Martina Berchtold-Neumann : Autant que je sache, il existe des groupes d’entraide. Ils sont en partie accompagnés par des professionnel·le·s. Il faut sûrement chercher un peu jusqu’à trouver un groupe proche de chez soi. Le sujet n’est certainement que trop peu institutionnalisé. La problématique émerge peu à peu dans la société.

Ligue suisse contre le rhumatisme : Comment les proches peuventils ·elles chercher de l’aide ?

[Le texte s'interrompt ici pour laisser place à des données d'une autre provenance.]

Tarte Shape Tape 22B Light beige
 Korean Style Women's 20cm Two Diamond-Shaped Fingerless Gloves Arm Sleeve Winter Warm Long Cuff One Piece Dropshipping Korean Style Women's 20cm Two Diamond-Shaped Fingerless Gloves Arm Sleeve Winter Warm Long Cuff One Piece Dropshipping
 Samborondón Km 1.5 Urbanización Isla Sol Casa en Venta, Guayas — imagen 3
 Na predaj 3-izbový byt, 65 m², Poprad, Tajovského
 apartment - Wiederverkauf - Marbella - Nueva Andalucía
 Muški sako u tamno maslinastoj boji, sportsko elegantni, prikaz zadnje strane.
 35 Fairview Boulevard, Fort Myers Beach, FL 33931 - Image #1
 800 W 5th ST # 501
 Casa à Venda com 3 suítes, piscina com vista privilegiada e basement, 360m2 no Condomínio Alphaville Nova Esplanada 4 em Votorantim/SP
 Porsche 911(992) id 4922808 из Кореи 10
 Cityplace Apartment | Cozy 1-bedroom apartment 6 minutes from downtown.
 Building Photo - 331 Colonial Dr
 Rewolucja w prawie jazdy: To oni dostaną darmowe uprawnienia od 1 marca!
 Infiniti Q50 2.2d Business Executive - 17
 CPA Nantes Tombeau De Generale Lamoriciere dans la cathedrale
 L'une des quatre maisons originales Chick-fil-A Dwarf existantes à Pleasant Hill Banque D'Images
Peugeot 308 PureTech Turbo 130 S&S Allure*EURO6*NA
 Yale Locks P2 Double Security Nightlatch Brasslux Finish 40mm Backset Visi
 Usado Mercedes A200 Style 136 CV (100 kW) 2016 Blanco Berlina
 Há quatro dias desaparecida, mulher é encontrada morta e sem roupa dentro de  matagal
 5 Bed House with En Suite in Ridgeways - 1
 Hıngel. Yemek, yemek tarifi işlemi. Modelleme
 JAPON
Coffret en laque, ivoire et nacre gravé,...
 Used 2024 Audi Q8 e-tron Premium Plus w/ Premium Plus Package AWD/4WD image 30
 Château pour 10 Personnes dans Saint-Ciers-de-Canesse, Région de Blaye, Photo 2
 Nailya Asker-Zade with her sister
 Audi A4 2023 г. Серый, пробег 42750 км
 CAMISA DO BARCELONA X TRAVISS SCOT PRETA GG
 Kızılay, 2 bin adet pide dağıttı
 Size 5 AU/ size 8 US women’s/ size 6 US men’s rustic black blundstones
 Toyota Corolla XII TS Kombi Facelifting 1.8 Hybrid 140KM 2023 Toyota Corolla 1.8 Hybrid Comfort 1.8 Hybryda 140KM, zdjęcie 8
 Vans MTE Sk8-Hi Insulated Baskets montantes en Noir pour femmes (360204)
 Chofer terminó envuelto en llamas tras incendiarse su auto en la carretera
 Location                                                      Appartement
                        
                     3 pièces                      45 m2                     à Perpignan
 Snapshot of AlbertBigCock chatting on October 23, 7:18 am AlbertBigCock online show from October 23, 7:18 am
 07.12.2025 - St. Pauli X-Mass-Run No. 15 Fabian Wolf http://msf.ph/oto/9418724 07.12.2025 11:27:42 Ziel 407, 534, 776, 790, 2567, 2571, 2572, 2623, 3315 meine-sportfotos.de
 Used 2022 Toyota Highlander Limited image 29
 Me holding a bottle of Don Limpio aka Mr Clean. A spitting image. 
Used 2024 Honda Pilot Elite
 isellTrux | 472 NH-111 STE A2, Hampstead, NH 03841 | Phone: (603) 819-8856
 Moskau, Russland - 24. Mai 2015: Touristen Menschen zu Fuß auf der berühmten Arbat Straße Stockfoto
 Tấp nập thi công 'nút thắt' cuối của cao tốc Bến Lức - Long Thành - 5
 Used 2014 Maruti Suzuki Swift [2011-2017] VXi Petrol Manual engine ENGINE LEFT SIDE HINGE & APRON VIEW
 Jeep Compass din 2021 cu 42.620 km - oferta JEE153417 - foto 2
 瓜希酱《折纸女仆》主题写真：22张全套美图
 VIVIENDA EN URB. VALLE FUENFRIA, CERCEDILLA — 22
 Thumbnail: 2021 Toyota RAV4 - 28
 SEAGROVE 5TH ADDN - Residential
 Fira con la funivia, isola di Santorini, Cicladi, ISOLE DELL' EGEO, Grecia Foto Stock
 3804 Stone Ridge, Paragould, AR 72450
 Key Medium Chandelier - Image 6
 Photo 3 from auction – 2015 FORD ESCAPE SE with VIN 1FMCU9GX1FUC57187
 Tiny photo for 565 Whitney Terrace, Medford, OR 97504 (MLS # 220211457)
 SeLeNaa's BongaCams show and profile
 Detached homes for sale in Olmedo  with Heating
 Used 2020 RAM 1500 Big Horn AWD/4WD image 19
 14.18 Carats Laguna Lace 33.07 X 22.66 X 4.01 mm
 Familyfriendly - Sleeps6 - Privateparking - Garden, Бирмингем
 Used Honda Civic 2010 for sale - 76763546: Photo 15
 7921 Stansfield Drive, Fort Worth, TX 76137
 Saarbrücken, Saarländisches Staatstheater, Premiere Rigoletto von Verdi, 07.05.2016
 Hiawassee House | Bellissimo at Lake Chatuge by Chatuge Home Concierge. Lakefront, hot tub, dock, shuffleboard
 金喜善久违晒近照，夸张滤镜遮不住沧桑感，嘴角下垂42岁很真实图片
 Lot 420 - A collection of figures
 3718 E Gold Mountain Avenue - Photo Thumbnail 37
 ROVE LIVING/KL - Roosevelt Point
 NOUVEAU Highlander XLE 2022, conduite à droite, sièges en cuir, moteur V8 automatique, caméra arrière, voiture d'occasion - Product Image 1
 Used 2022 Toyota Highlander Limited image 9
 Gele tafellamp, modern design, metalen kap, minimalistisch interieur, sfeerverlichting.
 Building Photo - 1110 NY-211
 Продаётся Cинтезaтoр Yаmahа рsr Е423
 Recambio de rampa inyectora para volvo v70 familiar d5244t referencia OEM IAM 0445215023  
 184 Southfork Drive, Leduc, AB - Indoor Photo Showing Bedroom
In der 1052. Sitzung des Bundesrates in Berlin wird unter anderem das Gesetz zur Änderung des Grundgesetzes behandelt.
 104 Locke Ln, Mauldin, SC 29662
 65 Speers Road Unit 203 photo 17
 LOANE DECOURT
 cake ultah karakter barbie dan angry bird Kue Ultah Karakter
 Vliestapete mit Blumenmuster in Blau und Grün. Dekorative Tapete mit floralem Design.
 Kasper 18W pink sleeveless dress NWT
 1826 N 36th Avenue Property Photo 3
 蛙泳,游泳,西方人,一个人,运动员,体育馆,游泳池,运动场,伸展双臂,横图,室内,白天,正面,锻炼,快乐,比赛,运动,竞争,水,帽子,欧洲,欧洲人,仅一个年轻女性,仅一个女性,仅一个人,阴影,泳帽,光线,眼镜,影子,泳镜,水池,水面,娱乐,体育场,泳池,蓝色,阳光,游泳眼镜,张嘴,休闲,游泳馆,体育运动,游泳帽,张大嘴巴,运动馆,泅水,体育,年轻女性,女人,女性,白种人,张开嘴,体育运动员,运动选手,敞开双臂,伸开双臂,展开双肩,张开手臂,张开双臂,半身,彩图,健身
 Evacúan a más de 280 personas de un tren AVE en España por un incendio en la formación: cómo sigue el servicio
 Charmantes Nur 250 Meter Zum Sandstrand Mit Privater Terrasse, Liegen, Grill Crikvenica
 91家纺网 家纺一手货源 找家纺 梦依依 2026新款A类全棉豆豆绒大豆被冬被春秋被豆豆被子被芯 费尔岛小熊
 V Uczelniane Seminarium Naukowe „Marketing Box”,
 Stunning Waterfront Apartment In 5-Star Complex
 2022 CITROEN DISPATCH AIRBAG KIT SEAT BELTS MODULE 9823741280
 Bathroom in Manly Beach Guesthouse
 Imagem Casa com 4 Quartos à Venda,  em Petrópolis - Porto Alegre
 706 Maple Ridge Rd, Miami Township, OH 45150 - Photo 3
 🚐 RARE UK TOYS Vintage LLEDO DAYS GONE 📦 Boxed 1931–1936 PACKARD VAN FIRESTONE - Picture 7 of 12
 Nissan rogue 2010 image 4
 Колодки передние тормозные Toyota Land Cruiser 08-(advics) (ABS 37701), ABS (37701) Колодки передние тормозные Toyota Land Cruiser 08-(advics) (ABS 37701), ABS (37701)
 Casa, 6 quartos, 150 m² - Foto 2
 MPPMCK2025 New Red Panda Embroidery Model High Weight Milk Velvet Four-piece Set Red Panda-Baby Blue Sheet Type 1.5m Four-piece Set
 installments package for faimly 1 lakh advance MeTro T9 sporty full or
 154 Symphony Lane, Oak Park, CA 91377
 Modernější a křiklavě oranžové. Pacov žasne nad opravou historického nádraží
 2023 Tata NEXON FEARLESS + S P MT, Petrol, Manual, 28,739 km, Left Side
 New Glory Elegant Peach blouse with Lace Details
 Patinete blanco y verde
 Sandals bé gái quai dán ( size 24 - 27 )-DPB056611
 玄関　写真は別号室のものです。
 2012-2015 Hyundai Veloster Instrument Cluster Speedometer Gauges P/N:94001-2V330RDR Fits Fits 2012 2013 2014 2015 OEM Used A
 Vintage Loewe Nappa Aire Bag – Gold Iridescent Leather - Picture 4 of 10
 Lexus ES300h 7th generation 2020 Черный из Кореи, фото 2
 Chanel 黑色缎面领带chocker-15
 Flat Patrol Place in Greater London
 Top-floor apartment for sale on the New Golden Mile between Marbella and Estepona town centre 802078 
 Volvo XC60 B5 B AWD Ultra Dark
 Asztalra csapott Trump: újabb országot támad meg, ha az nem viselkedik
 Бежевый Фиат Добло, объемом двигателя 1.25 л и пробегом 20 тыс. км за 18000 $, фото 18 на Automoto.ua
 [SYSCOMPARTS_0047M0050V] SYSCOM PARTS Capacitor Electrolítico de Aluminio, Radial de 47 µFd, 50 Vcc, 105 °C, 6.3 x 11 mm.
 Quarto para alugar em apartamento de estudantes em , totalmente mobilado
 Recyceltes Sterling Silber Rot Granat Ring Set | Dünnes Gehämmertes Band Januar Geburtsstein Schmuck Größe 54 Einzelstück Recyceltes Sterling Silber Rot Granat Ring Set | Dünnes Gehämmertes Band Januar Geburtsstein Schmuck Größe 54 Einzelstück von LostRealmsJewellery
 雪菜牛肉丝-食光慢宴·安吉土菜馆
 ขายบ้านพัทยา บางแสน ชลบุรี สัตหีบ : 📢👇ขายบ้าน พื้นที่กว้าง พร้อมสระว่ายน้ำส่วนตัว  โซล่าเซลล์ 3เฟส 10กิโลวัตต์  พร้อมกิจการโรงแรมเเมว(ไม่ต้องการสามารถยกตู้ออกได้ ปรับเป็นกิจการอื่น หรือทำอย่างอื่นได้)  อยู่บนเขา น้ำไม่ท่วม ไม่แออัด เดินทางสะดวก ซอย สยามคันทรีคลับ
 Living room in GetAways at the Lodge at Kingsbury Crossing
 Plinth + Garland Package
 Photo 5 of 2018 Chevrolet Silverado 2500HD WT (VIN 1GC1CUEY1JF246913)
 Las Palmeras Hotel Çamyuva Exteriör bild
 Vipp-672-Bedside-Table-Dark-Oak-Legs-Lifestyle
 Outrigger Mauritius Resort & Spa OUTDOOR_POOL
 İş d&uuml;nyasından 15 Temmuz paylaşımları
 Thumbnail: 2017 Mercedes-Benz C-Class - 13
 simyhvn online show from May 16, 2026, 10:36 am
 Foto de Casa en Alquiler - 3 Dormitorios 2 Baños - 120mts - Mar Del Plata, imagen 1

Martina Berchtold-Neumann : En cas de maladie rhumatismale, les proches peuvent consulter les diverses offres des ligues cantonales et régionales, ou de la ligue nationale contre le rhumatisme. Des spécialistes donnent des informations sur les questions sociales, sur la maladie et plus encore.

Ligue suisse contre le rhumatisme : Quelles sont les règles de comportement les plus importantes à votre sens pour un bien vivre ensemble respectueux et bienveillant ?

Martina Berchtold-Neumann : Les personnes impliquées doivent chacune prêter attention aux souhaits et intérêts de l’autre. La personne concernée doit permettre à son·sa partenaire et ses enfants une vie la plus normale possible ainsi que leur laisser des libertés plutôt que de se cloîtrer dans un rôle de victime. Les personnes en bonne santé de l’entourage doivent quant à elles apprendre à faire attention, notamment à renoncer à certains projets si la situation le demande. Il y a besoin de beaucoup de tolérance et de générosité de part et d’autre. C’est un exercice d’équilibriste qui doit être renouvelé chaque jour.